| What is expected |
Return the data verbatim, without pictures.

| Input for this task |

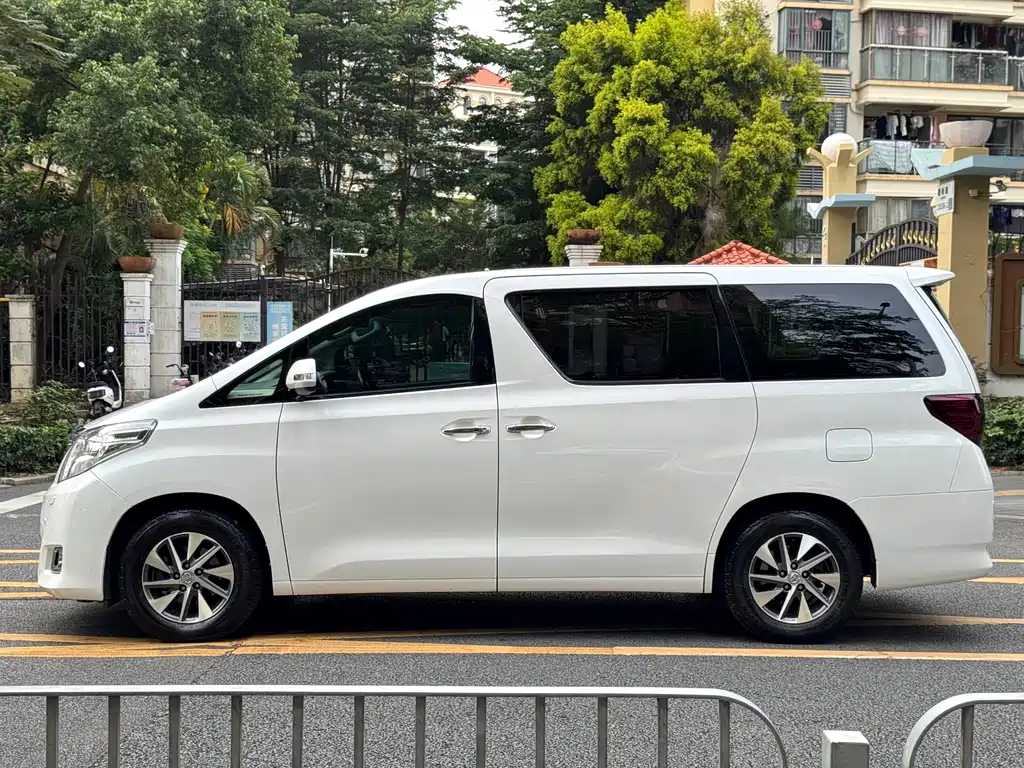 Toyota Alphard 2014 — фото 19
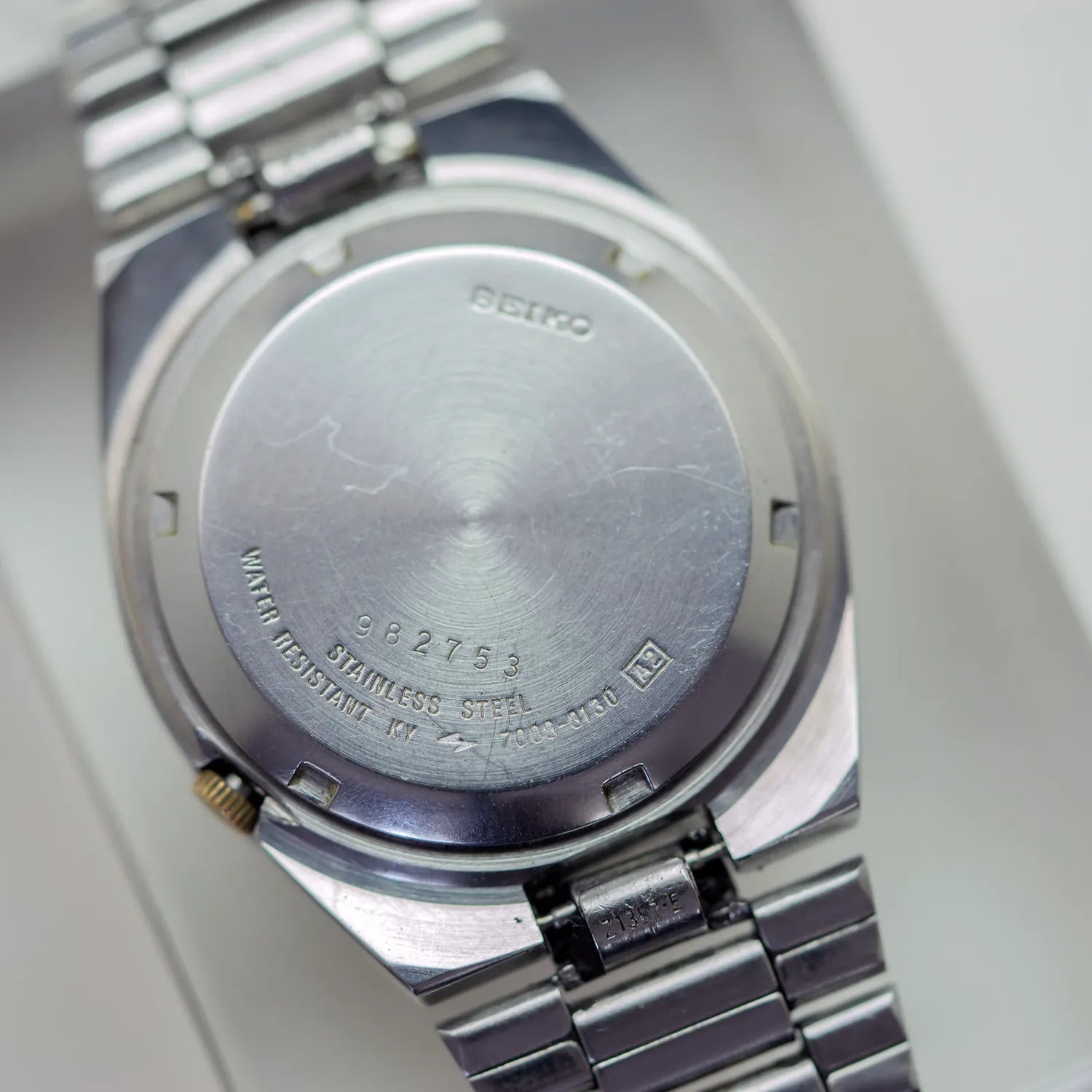 Seiko 5 7009-3130 Men’s Automatic Dress Vintage Watch 1979 – side view alternative angle
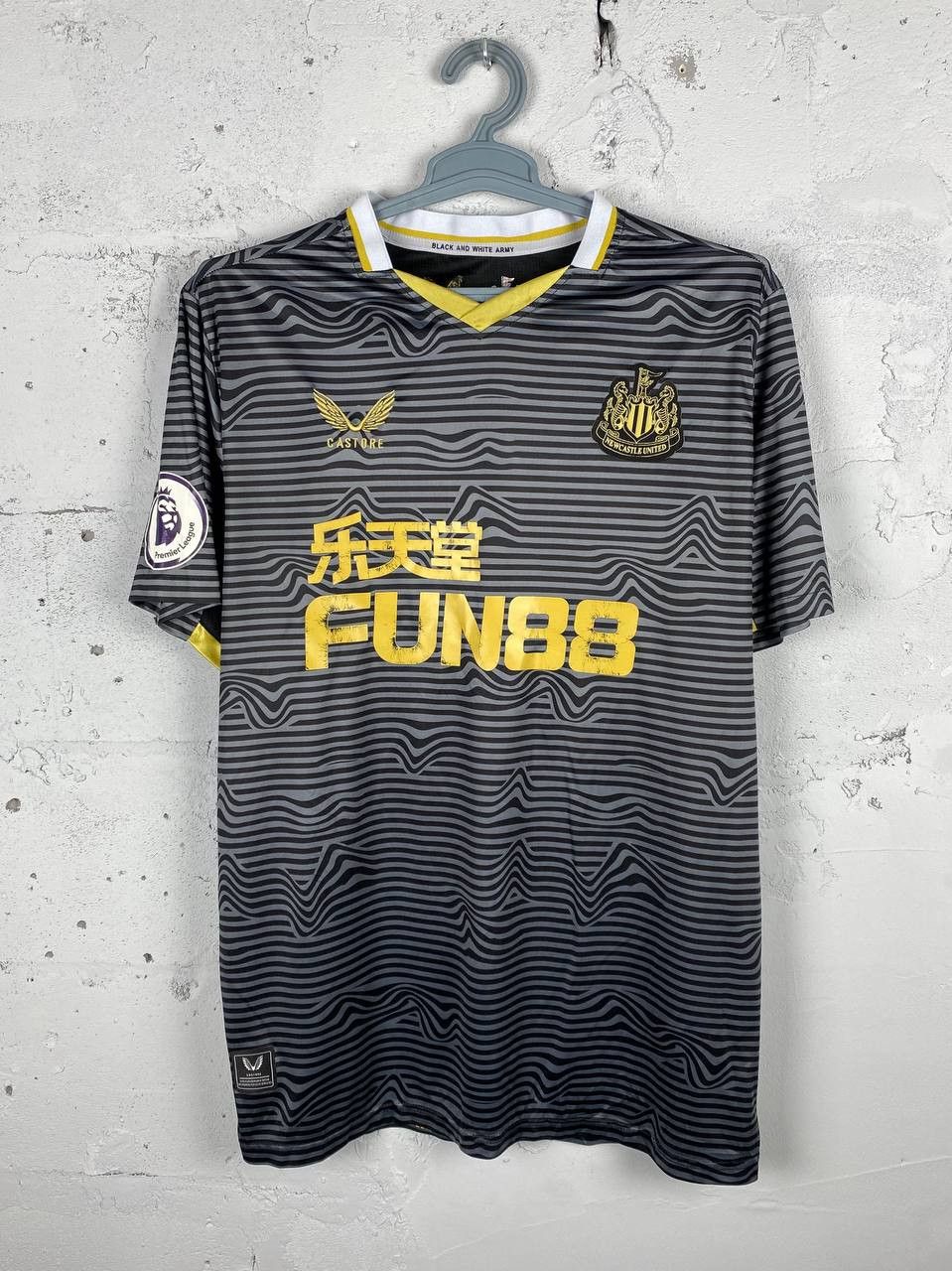 Castore 21/22 Away Newcastle United Blokcore AOP Soccer Jersey Size US XXL / EU 58 / 5 - 1 Thumbnail
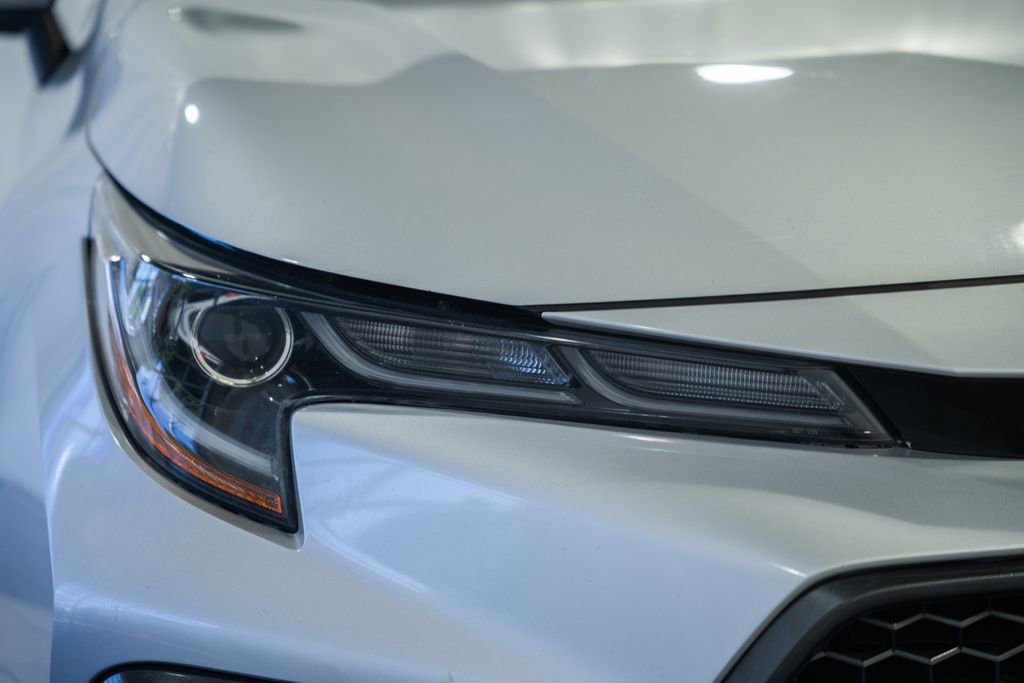 Used 2021 Toyota Corolla XSE FWD image 11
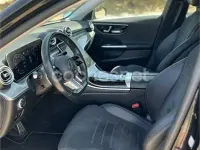 Usado Mercedes C220 200 CV (147 kW) 2023 Negro Berlina
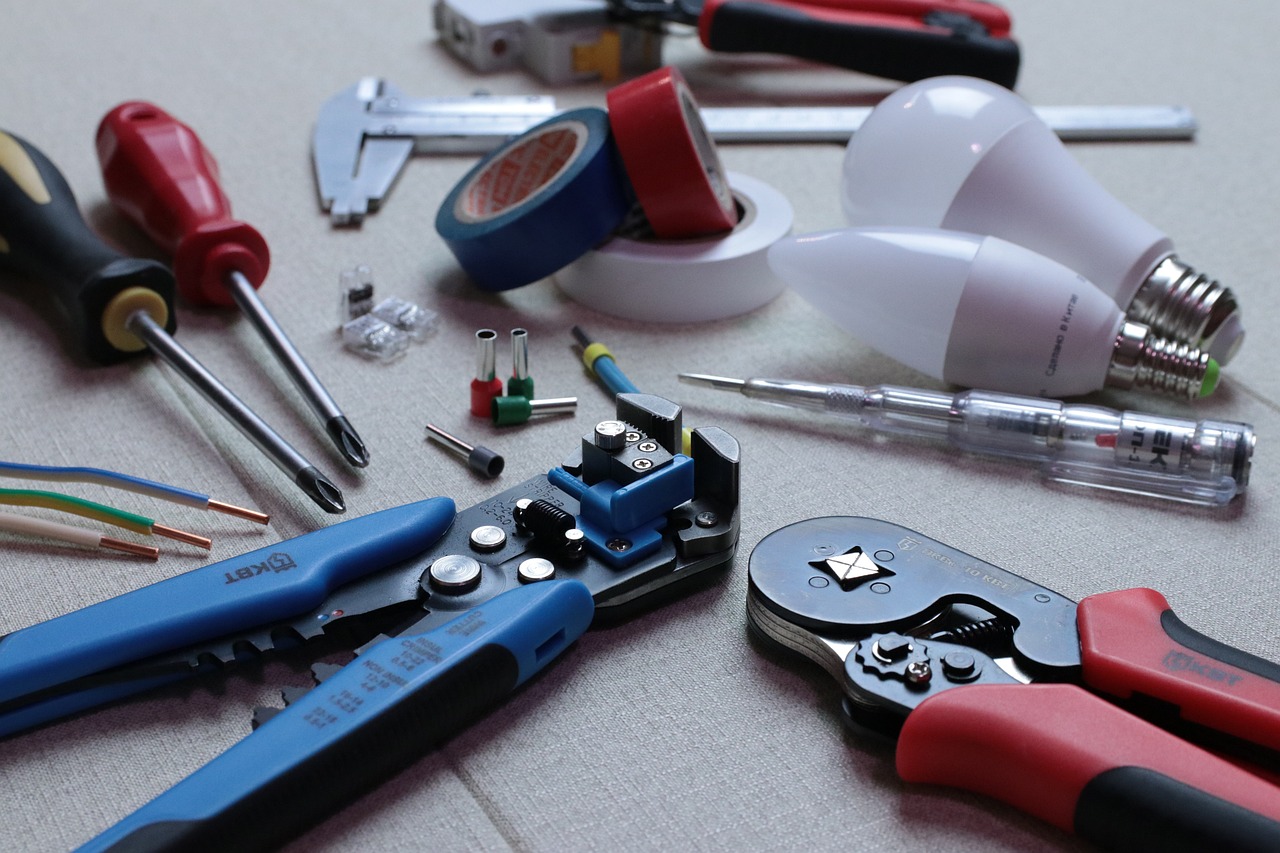 electrician-3087536_1280.jpg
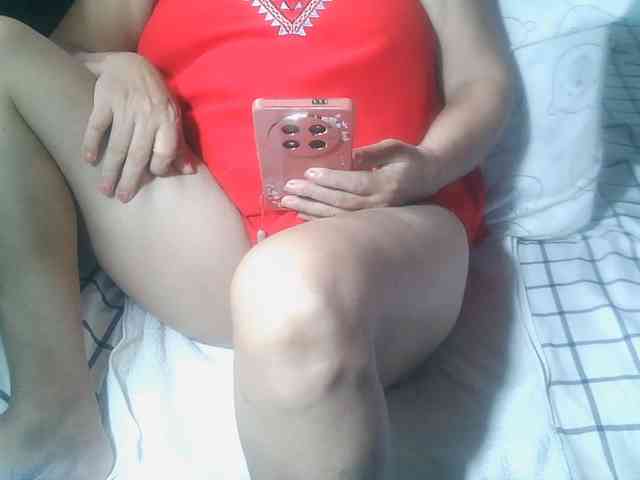 HotMama50 webcam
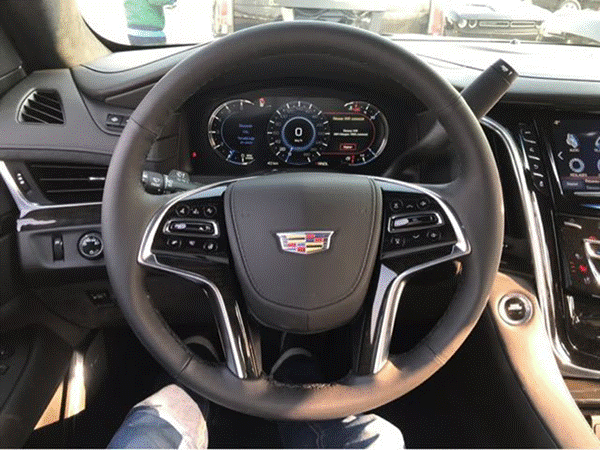 18款凯迪拉克凯雷德长轴铂金版性能体验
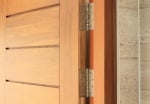 Comment se d&eacute;roule la pose d'une porte en bois &agrave; Saverne ?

| Reply |
 Toyota Alphard 2014 — фото 19
 Seiko 5 7009-3130 Men’s Automatic Dress Vintage Watch 1979 – side view alternative angle
 Castore 21/22 Away Newcastle United Blokcore AOP Soccer Jersey Size US XXL / EU 58 / 5 - 1 Thumbnail
 Used 2021 Toyota Corolla XSE FWD image 11
 Usado Mercedes C220 200 CV (147 kW) 2023 Negro Berlina
 electrician-3087536_1280.jpg
 HotMama50 webcam
 18款凯迪拉克凯雷德长轴铂金版性能体验
 Comment se d&eacute;roule la pose d'une porte en bois &agrave; Saverne ?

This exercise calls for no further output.